===== Data extract =====

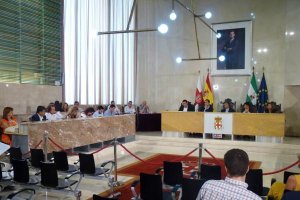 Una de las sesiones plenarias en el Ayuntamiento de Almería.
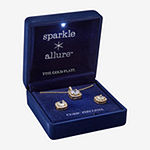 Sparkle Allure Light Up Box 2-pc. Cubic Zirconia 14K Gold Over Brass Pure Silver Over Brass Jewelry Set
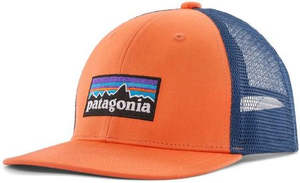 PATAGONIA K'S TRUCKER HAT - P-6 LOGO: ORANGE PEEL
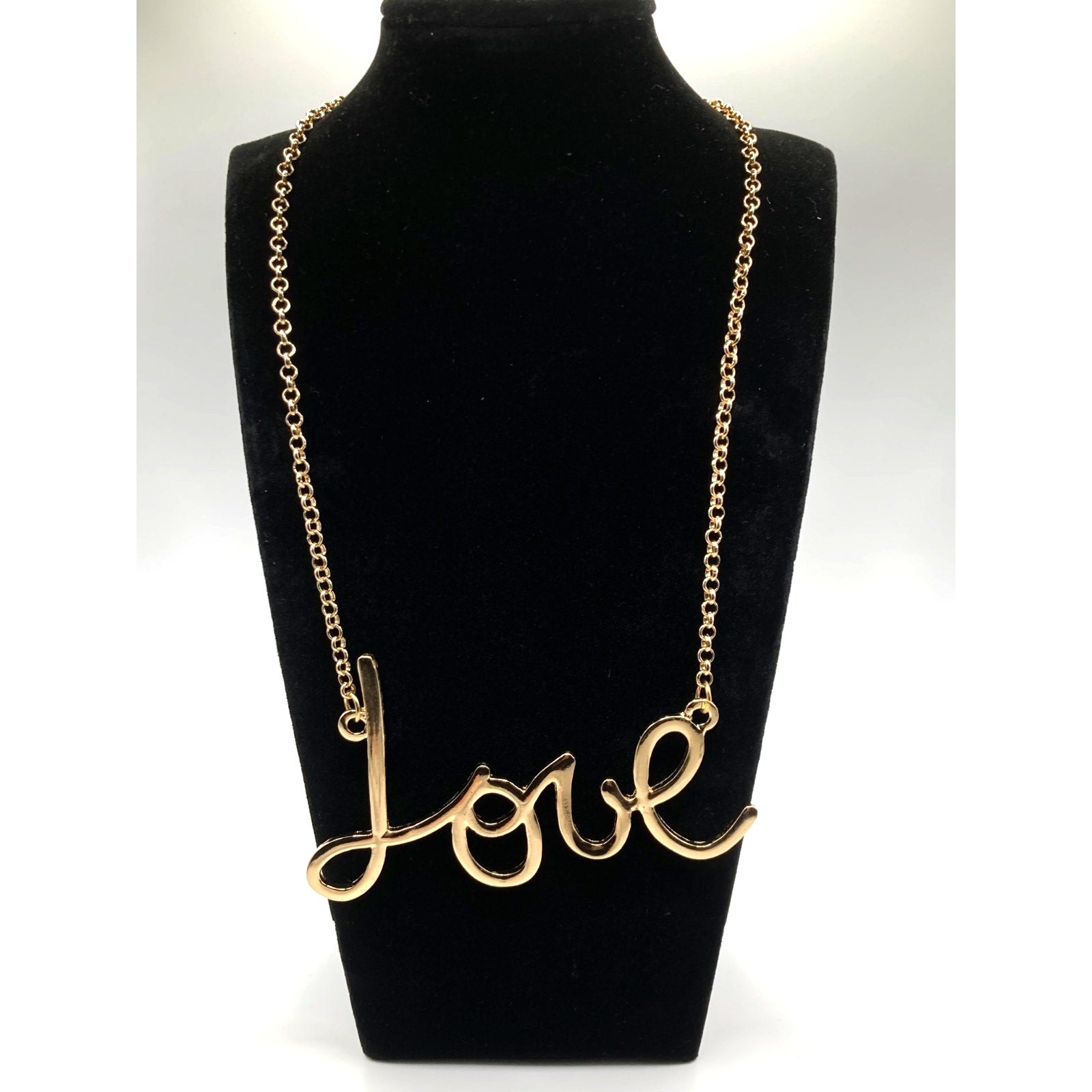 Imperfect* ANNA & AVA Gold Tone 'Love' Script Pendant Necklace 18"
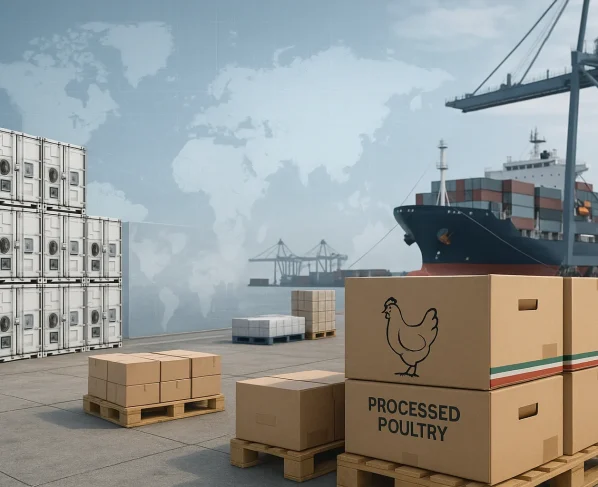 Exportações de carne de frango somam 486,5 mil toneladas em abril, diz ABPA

=====

The line that contains "Imperfect* ANNA &" begins the range and the last line of the entries ends it; print that range exactly, without pictures.

▶ _Result for this task_:
 Imperfect* ANNA & AVA Gold Tone 'Love' Script Pendant Necklace 18"
 Exportações de carne de frango somam 486,5 mil toneladas em abril, diz ABPA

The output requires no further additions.